7. After putting in key you will at last get to a folder that asks you where you are going to install the game...You have now finally passed the problem.
8. IMPORTANT - Now swap your Copied CD back to your original and finish the install...
8. The game will now load and play normally.

It got to 98%, I was so excited then whoom! My world came crashing down again!

"A problem occurred when trying to transfer the file F:\Support|EA Help\Controller from the media."

I've explored the disc and the file is not there, explains why it can't transfer it I suppose!

Any ideas of a workaround for this??


----------



## andie666 (Mar 30, 2007)

OMG I ONLY WENT N DONE IT!!!!!

I fixed it!!!! Found a copy of the EA support file from another program, copied it to the leftover directory from the failed install in my program files and it worked!!! Ran the install again and it seemed to bypass the file at 98%. 

Yayyyy I happy bunny 

Thank you again to everyone that tried to help me :up:


----------



## tom6049 (Aug 6, 2007)

andie666 said:


> I fixed it!!!!


Good job!


----------



## mook8806 (Aug 11, 2008)

Anyway I could get a copy of that support file. I'm desperate to fix this game..it keeps saying I don't have directx 9.0 but I do.
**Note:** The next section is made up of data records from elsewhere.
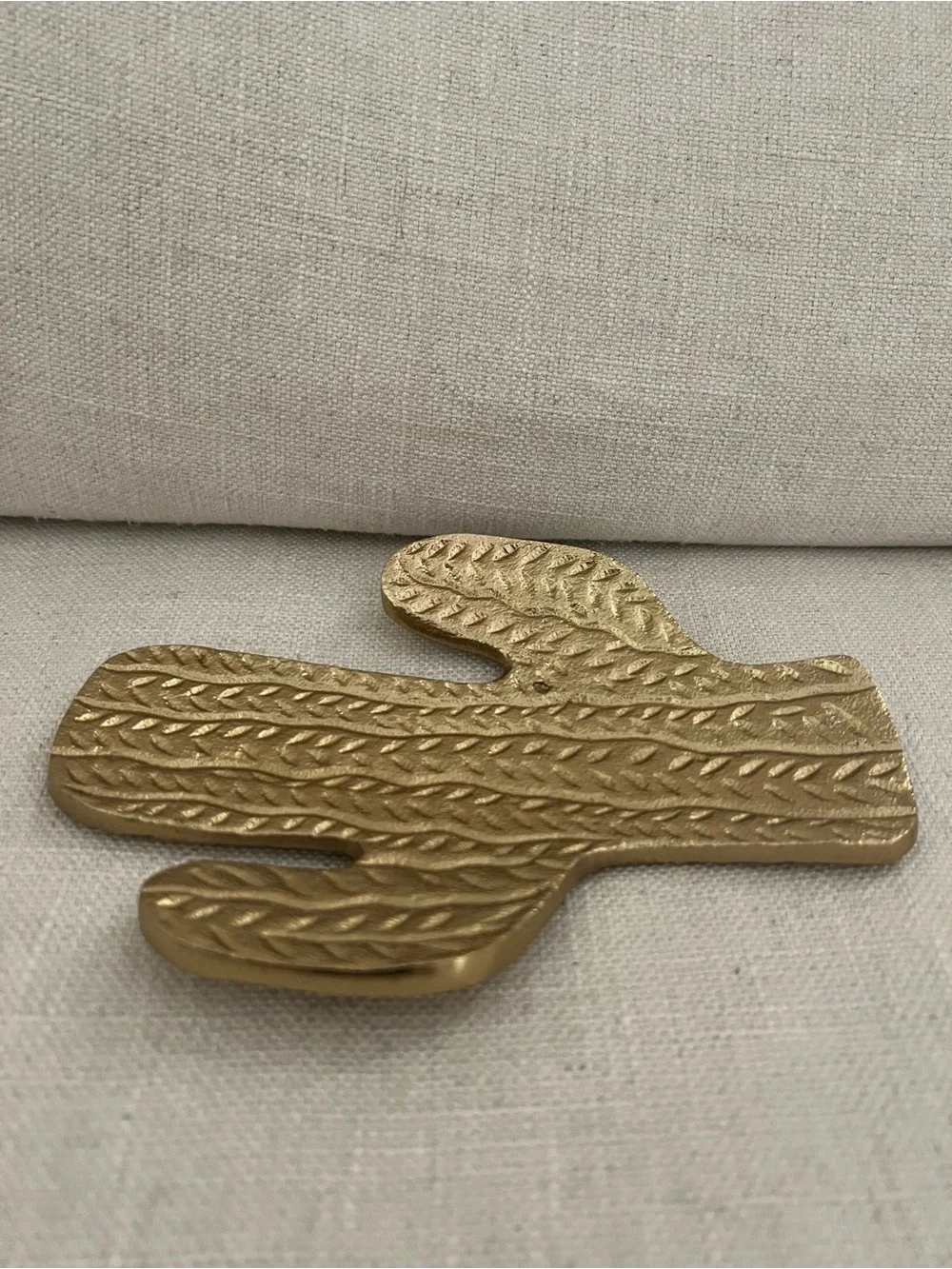 Brass Gold-Look Cactus Trinket Tray | Decorative Home Accent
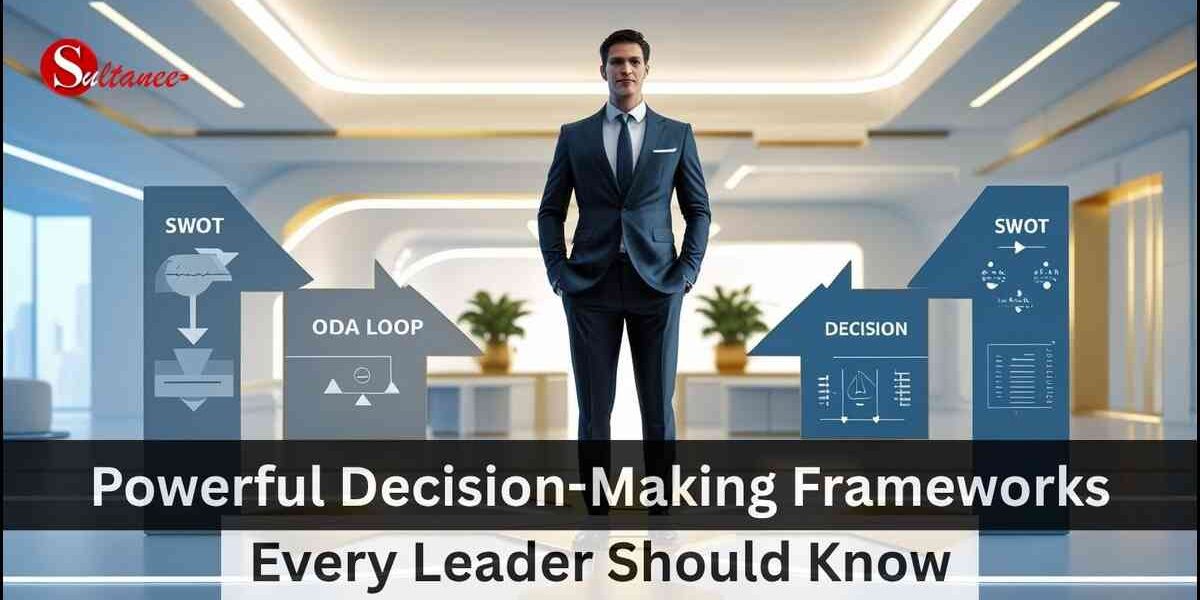 Leadership decision-making frameworks illustration with business strategy icons.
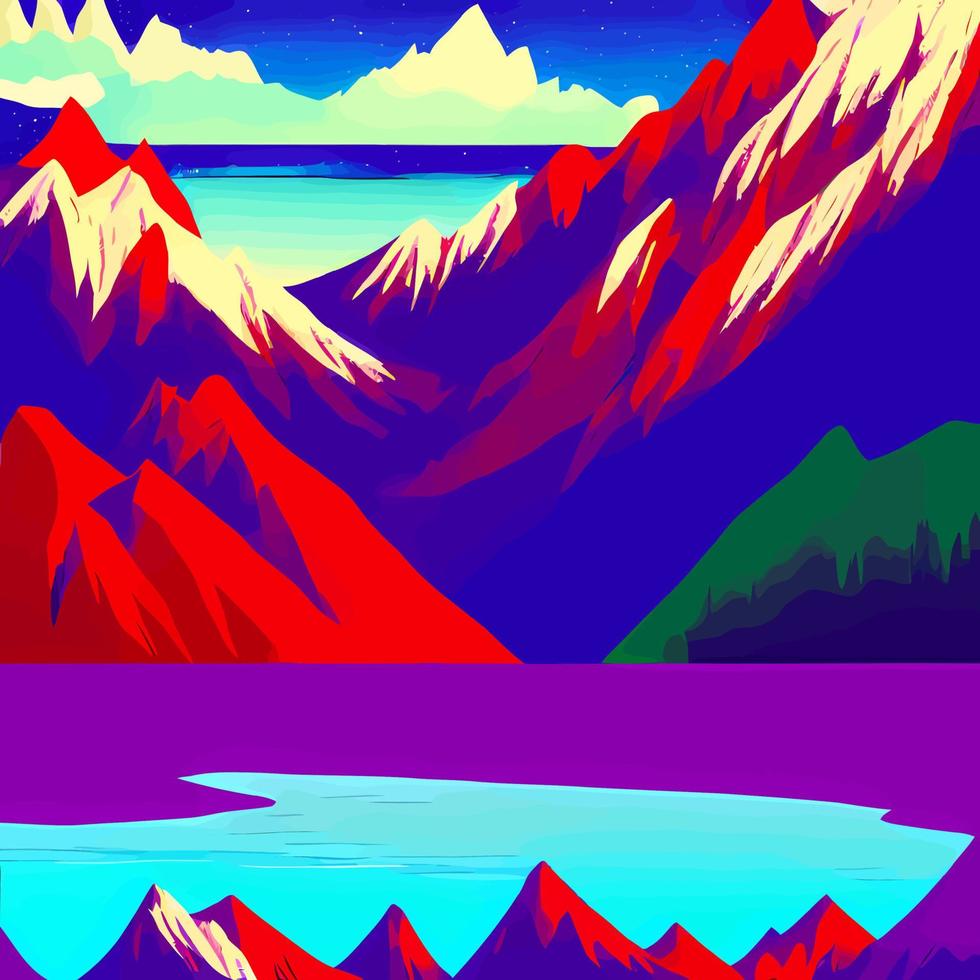 Majestic Pop Art Rocky Alpine Mountains vector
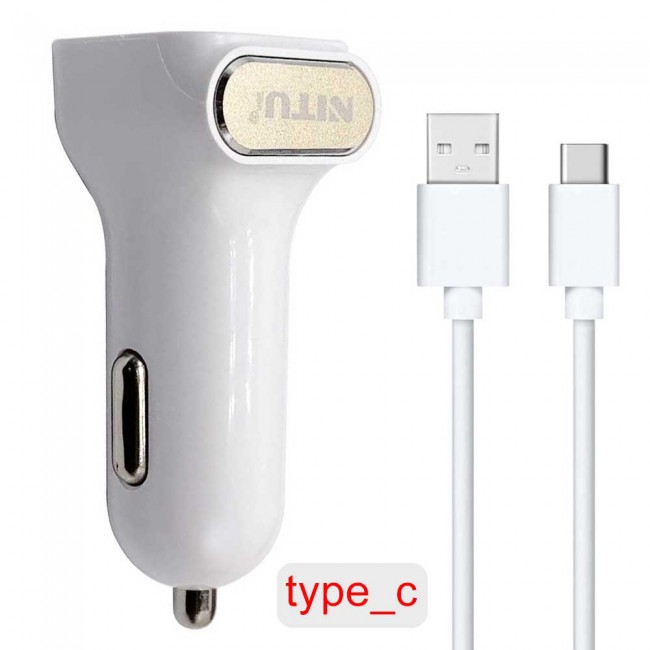 Nitu Dual USB Car Charger 2.4A for Android and iOS with Lightning , Micro and Type-C USB Cable – White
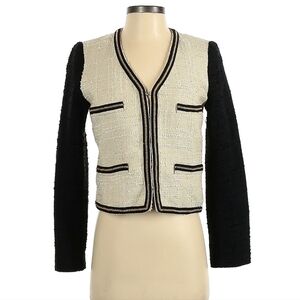 Mango Tweed Blazer Gold Chain Detail size XS Feminine Color Block Blazer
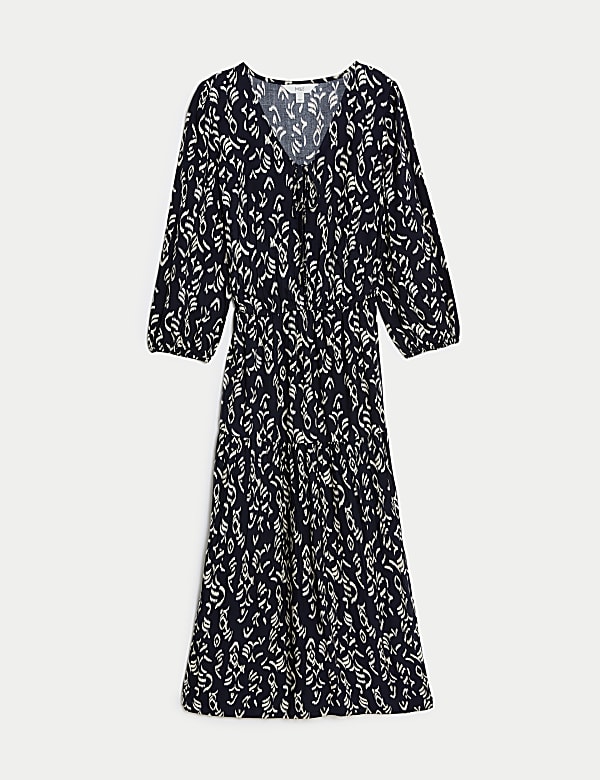 Printed Tie Neck Midi Tiered Dress - US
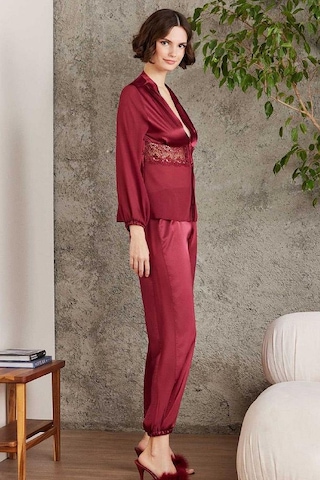 Pierre Cardin 6005 Kadın Saten Dantelli 6'lı Set-bordo Bordo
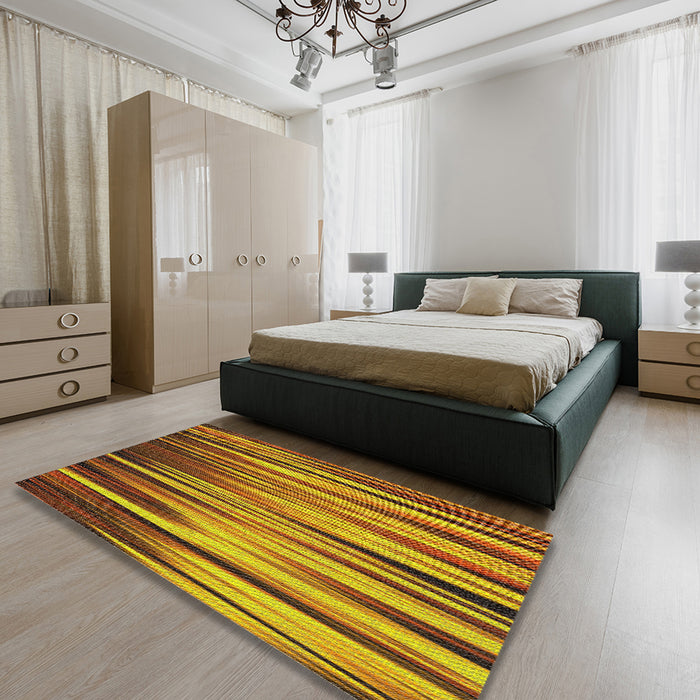 Patterned Saffron Red Abstract Machine Washable Rug in a Bedroom, wshpat1578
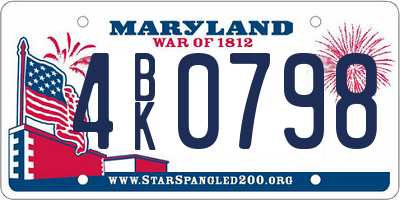 MD license plate 4BK0798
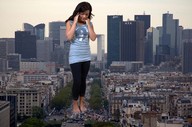 giantess crush city black_hair destruction barefoot cars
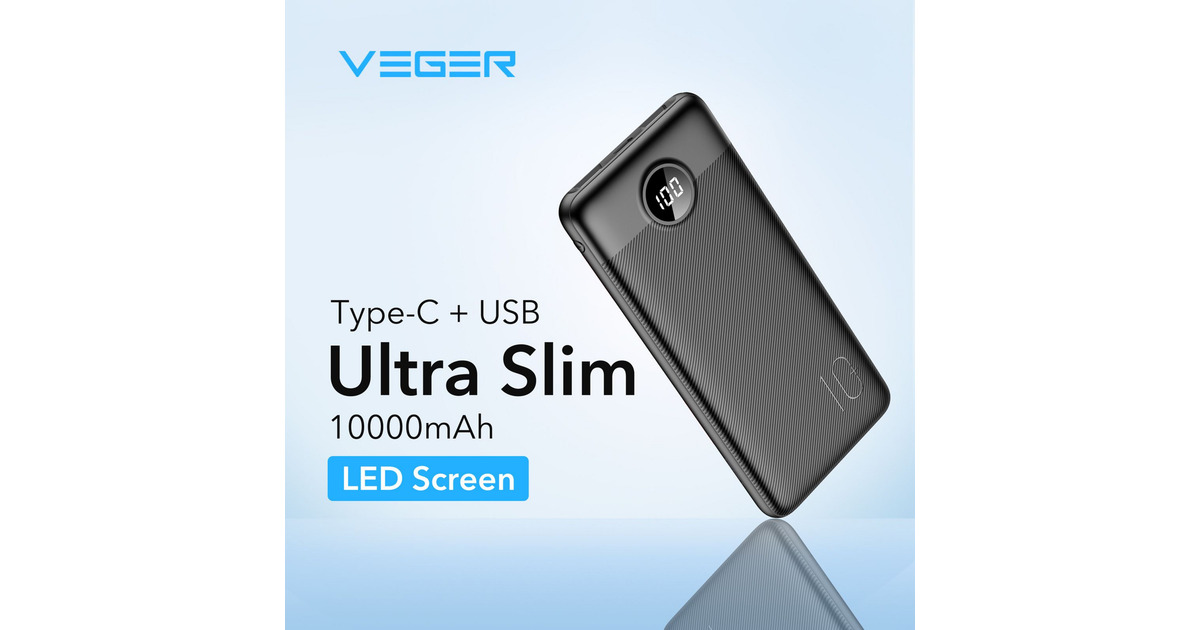VEGERL10 powerbank 10.000mAh  (Zwart)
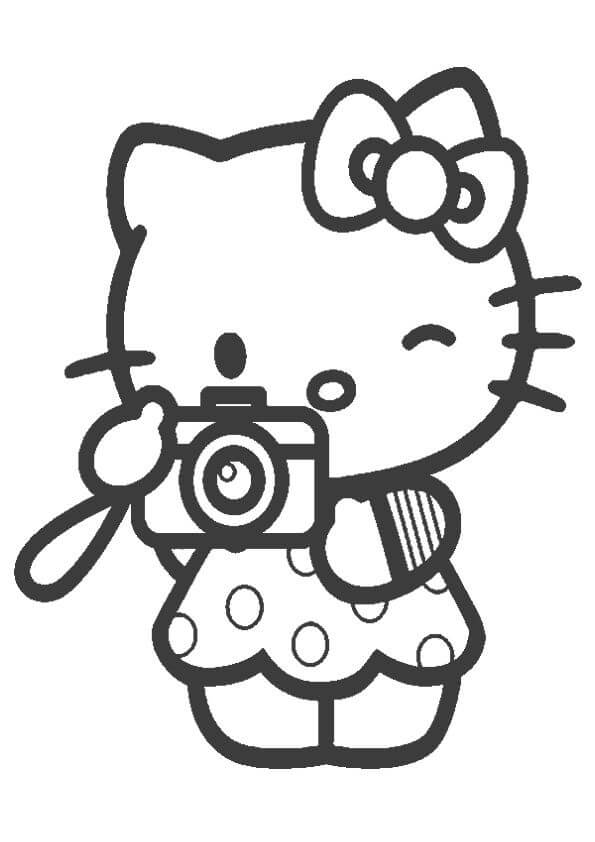 Hello Kitty sosteniendo la Cámara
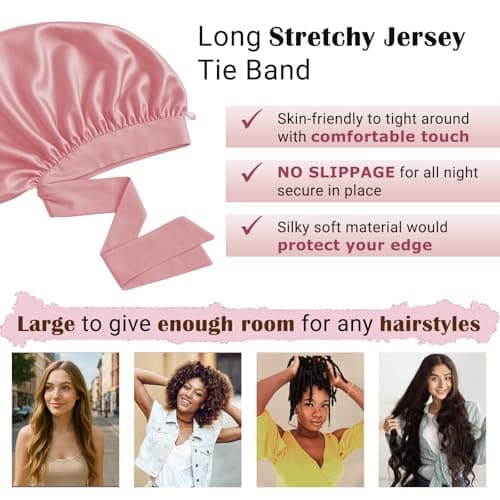 Long Hair Bonnet for Women, XL Silky Satin Sleeping Cap with Tie Band for Braids Curly Hair, Includes 10PCS Scrunchies Pink - Thumbnail 3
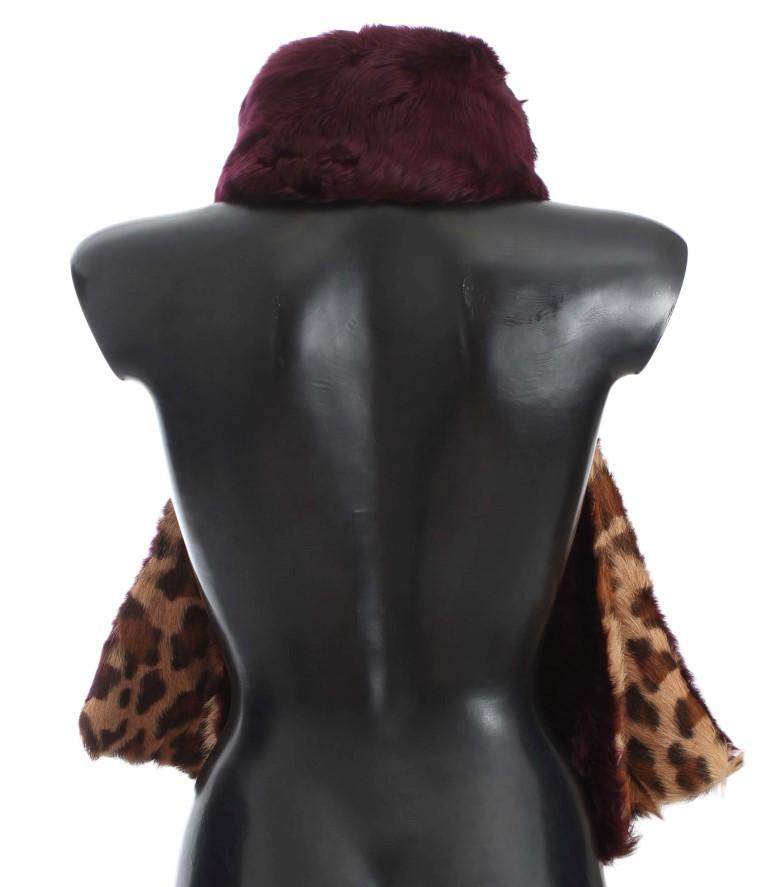 Dolce & Gabbana  Purple Lamb Fur Leopard Print Scarf #women, Brand_Dolce & Gabbana, Catch, Dolce & Gabbana, feed-agegroup-adult, feed-color-purple, feed-gender-female, feed-size-OS, Gender_Women, Kogan, Purple, Scarves - Women - Accessories at SEYMAYKA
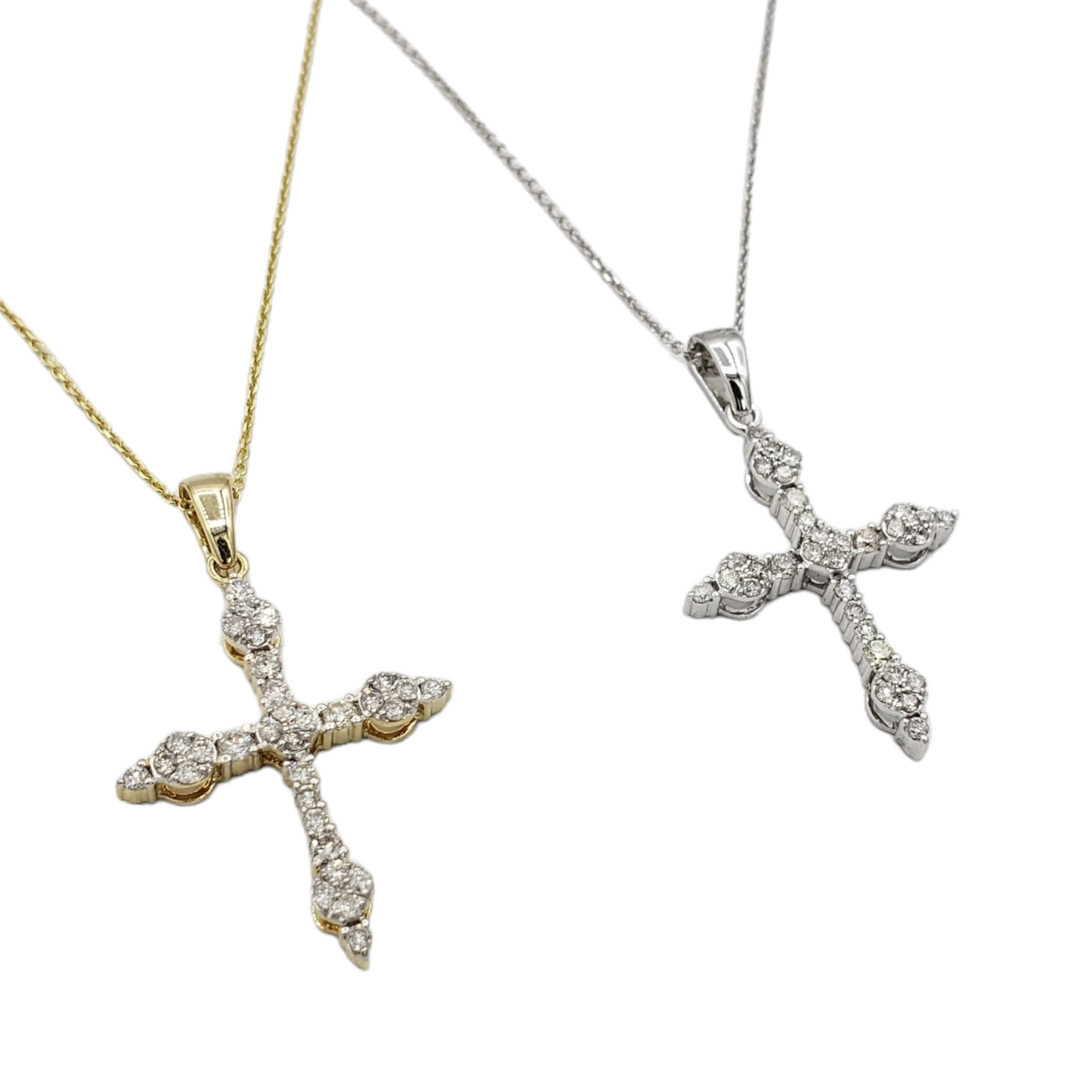 14k Diamond Cross With .53 Carats Of Diamonds and Rollo chain #27989
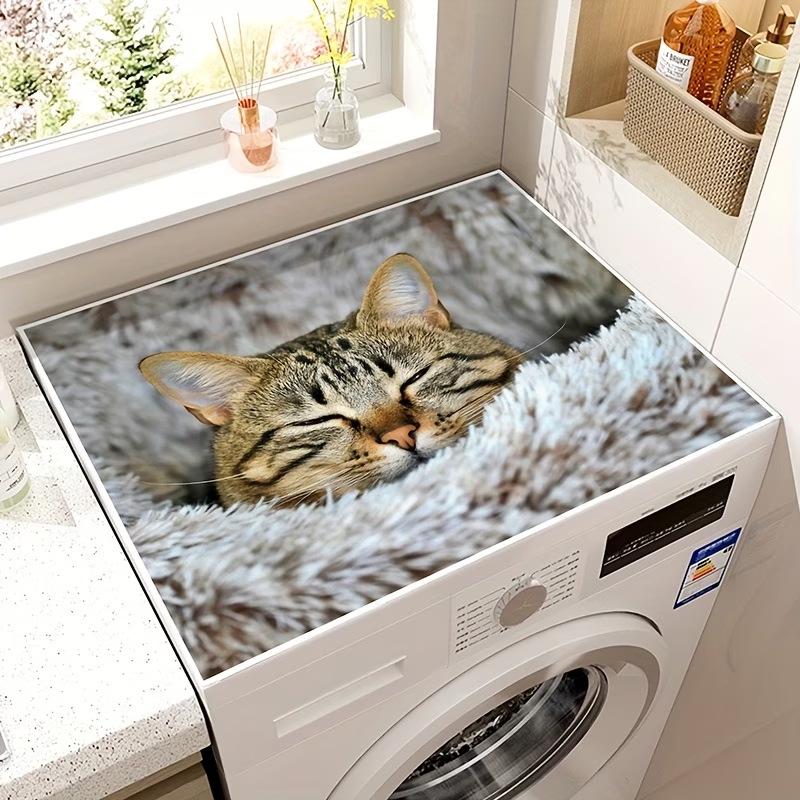 New Cartoon Cat Print Diatomaceous Earth Dustproof Mat for Washing Machines & Refrigerators 40*40cm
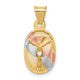 14K w/Rose and White Rhodium D/C Corpus Oval Pendant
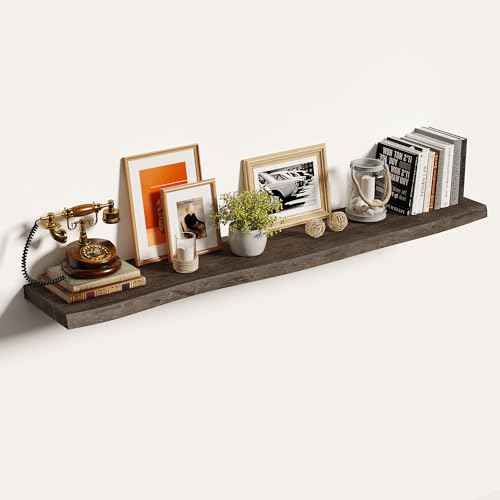 Wood Floating Shelves Live Edge 55” Set of 1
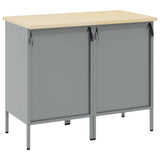 Work Cabinet with Drawer 2 pcs Red and Grey 100 x 55 x 85 cm - Low Angle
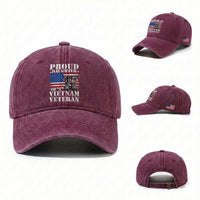 Proud Daughter Of A Vietnam Veteran Washed Cotton Baseball Cap American Flag Army Boots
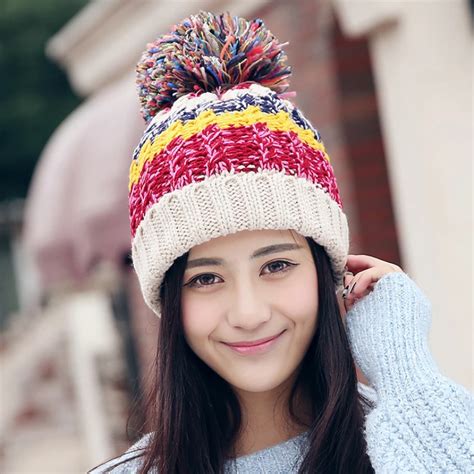 HT1937 Women Beanies Autumn Winter Women Hat Color Patchwork Big Ball Pompoms Beanie Hat Cuffed ...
I just wanna play!!!


----------



## flamingbartman (Aug 20, 2008)

can someone help me please i got the Sims life stories and Castway stories and tried to install both of them and it i said that i needed *DirectX 9.0c ( which i have) i followed the **Solved: Sims Castaway Stories DirectX Issue and i tried again and the same thing happen that i need DirectX 9.0c someone please help
*


----------



## daunanh (Sep 26, 2008)

I had already solved DirecX problem, but when files were transfered to 4%, it had another problem with message: cannot transfer file TSData\Res\3D\Objective09.package . How can I solve this problem ? Help me please  , I need to play this game


----------



## NikkiSixxGal (Nov 4, 2008)

I too am having direct X problems. I had Sims 2 installed, and Life Stories installed before and they worked perfectly but then my computer crashed and when I went to re-install Life Stories I got the direct X problem pop up. I've downloaded Direct X several times and it says I have it so its not that. I then got Sims Castaway Stories and when I went to play it the same thing happened with the DirectX. I've tried everything and nothing works. I need help!


----------